"Feels like a... 60, maybe a 63?" Let's knock the informed guessing game out of assigning grades.

CP Moore
Apr 12, 2022
11 min read

Updated: Apr 19, 2022

Marking is a royal pain. There. I said it. No one (at least - gulps at the risk of offending someone - in their right mind) has marking at the top of the "favourite things about the job" list. The end result can be rewarding if it's clear your students listened, learned, and applied their knowledge and skill in the way you intended. It can be demoralising when the outcome is the other end of that particular spectrum. But it is a necessary part of the job, just as it is a necessary part of the student journey (at least until the world of work stops using grades as the sole metric of determining employment worth and begins to also look at the soft skills that we can now more easily collect data on and create a sort of... engagement scorecard). But it's also a hugely subjective one.

It has to be of course. Assessments at university can't be designed and marked according to rubrics that anyone can work through and allocate marks based on having included the right keyword. University is supposed to be the place of learning where you have learned the skills of learning (primary school), the fundamentals of specific subjects and the beginnings of skills used in those subjects (secondary school) and focussed your knowledge into several key subjects to have a foundation in a discipline or field (further education/college/sixth form) in order to drive your future by becoming an independent learner who can apply a wide range of skills to a specific area of study - to specialise. So the assessments at university, at least once you get past the first stages of knowledge and understanding that your first year of study will provide you, need to have the work done by less "by the book" and more "interpretive". Building arguments, evaluating information, demonstrating fluidity of knowledge and of crafting a compelling critique. But if marks are going to continue to be a metric, a measure of success, then there needs to be some consistency in how they are applied. Students study multiple modules (or units, or whatever terminology your place uses) and are assessed by multiple markers (sometimes each marking their own question within a single piece of work, sometimes each marking a batch of the same thing). Assuming that all markers are created equal (they aren't), and assuming all questions are set and marked with the same fairness and difficulty and level of expectation (they aren't), the only variable in the marks from submission to submission must surely be the individual who wrote it, right?
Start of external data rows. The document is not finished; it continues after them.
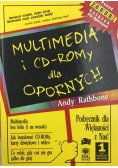 Multimedia i CD ROMy dla opornych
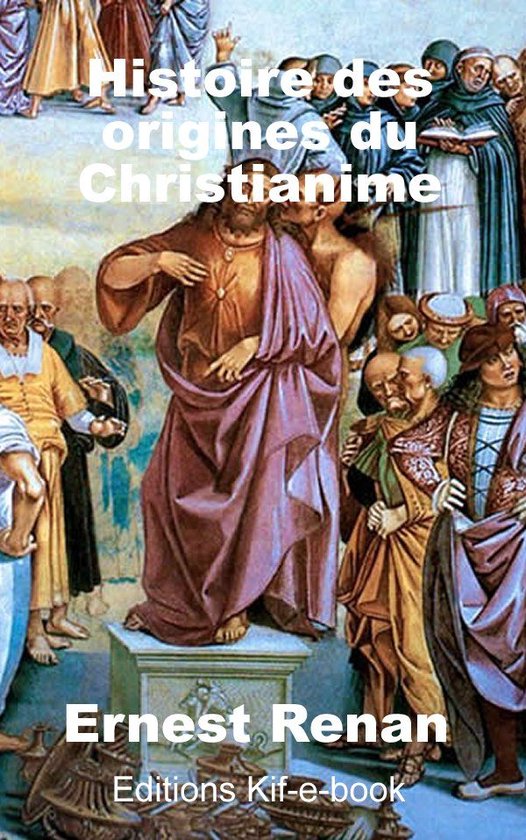 Histoire des origines du Christianisme - cover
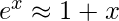 e^{x}\approx 1+x  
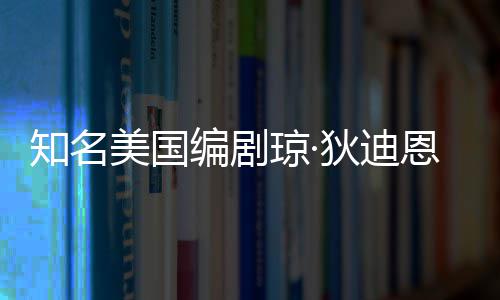 编剧年8帕金 享恩因狄迪知名美国琼·去世森病7岁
Maybe not...

Now, we all have marking criteria. And if I were to suggest for even a moment that marking often goes along the lines of "read it through, make some comments, read it again, look at the brief, look at the marking criteria, think about the work as a whole, then assign a grade based on where you feel it roughly falls within the grade boundaries and then roughly how much into that boundary and towards the next one you want to move it," there'd be an uproar and I'd be strung up (because we're all infallible, right?). But marking criteria usually fall into one of two camps. They are either:

So generic as to in no way align to the work to be easily applied or for the work to be measured against, but they're approved by your course/school/faculty so you can hold them up as having followed protocol.
So specific that the expectations by which the work is being measured surely cannot be applied to any other work, even one that approximates the skill being utilised, and therefore the feedback becomes somewhat meaningless unless they are doing this exact same piece of work again.
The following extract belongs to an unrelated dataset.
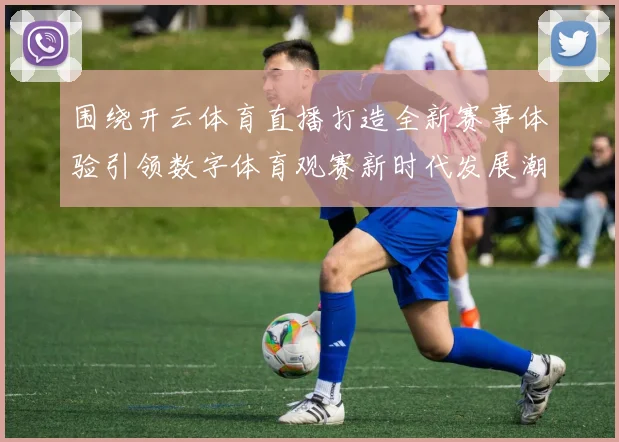 围绕开云体育直播打造全新赛事体验引领数字体育观赛新时代发展潮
Feedback templates are a shocking way of trying to get around both of these camps. The idea that standardising how feedback is provided/framed/boxed will somehow not only give the student more to work with because they can "see" it in a nicely labelled space on a word document (it won't, because the nature of that box hugely limits the scope and depth of feedback you can fit into it) is just nonsense. Making a feedback template "three things done well, three things to improve on" is so pedestrian that one might as well break out the keyword list from A level and tell them which ones to include next time for a better mark. Equally though, asking academic staff to provide such huge levels of feedback and instructional tutelage that the student cannot possibly perform to a lower standard next time (and this is assuming that the marking criteria and the expectation of the work can be transferred to work elsewhere) is going to knock your staff off the twig so fast you'd think winter came early.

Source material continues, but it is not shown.